• **Requirement**
What you output must match the entries exactly, apart from the pictures, which are left out.

• **Records to use**
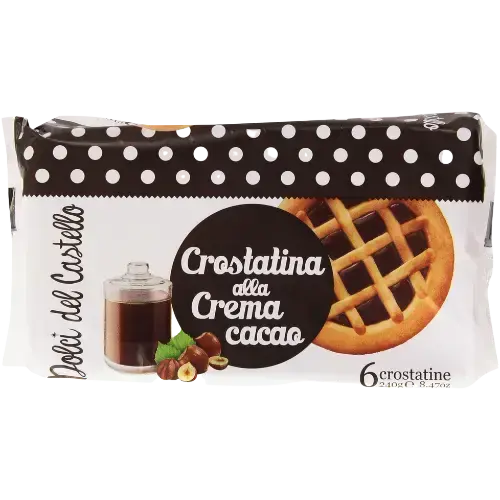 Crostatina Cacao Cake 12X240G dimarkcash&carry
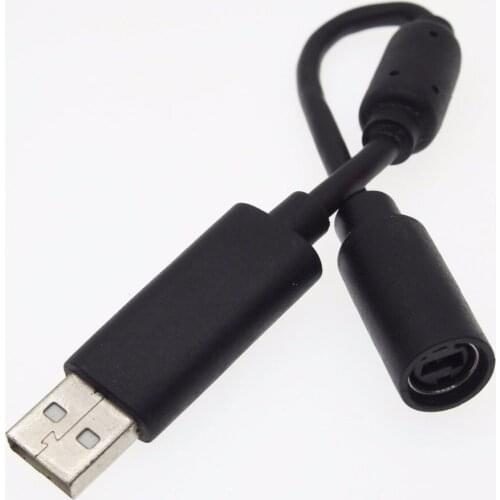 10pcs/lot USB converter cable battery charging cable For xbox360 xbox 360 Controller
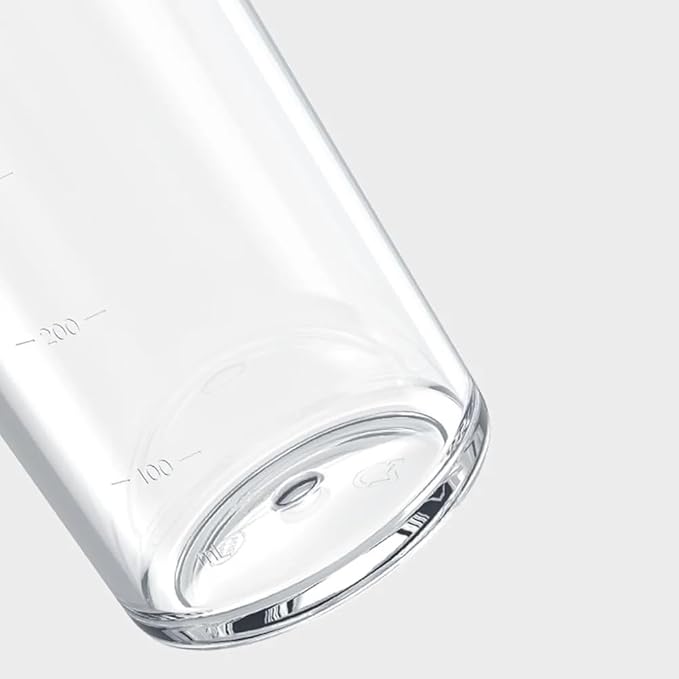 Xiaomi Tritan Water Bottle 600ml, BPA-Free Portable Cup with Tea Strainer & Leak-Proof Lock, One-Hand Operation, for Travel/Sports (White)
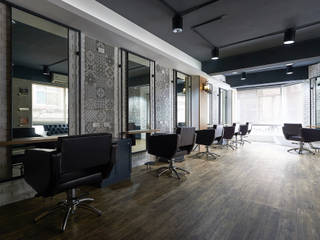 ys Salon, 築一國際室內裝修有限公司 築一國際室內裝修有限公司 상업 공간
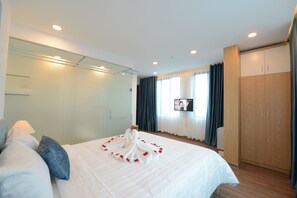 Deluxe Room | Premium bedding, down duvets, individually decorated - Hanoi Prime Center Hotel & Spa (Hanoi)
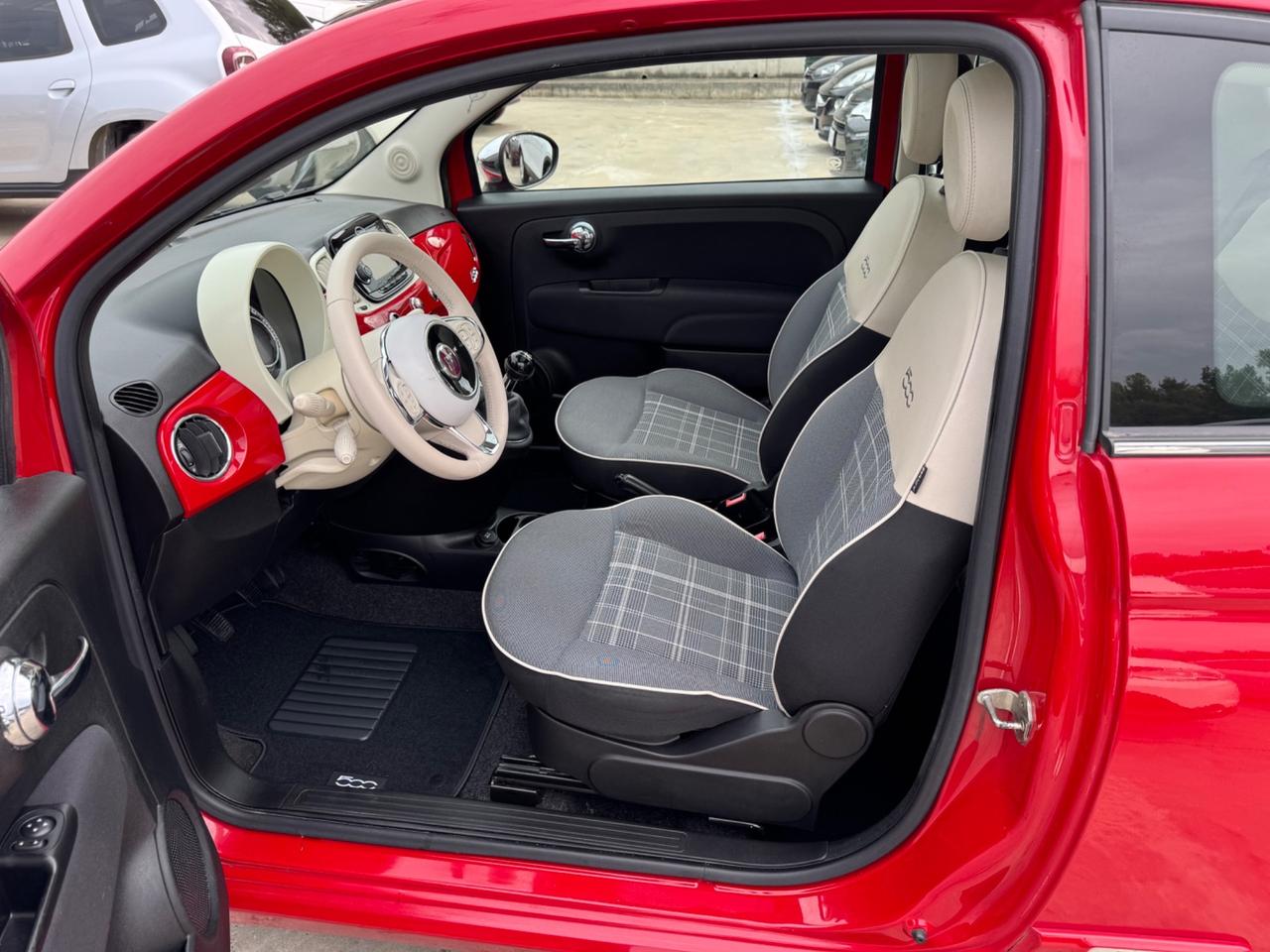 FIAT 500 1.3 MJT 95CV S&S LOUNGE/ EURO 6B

• **Output for this task**
 Crostatina Cacao Cake 12X240G dimarkcash&carry
 10pcs/lot USB converter cable battery charging cable For xbox360 xbox 360 Controller
 Xiaomi Tritan Water Bottle 600ml, BPA-Free Portable Cup with Tea Strainer & Leak-Proof Lock, One-Hand Operation, for Travel/Sports (White)
 ys Salon, 築一國際室內裝修有限公司 築一國際室內裝修有限公司 상업 공간
 Deluxe Room | Premium bedding, down duvets, individually decorated - Hanoi Prime Center Hotel & Spa (Hanoi)
 FIAT 500 1.3 MJT 95CV S&S LOUNGE/ EURO 6B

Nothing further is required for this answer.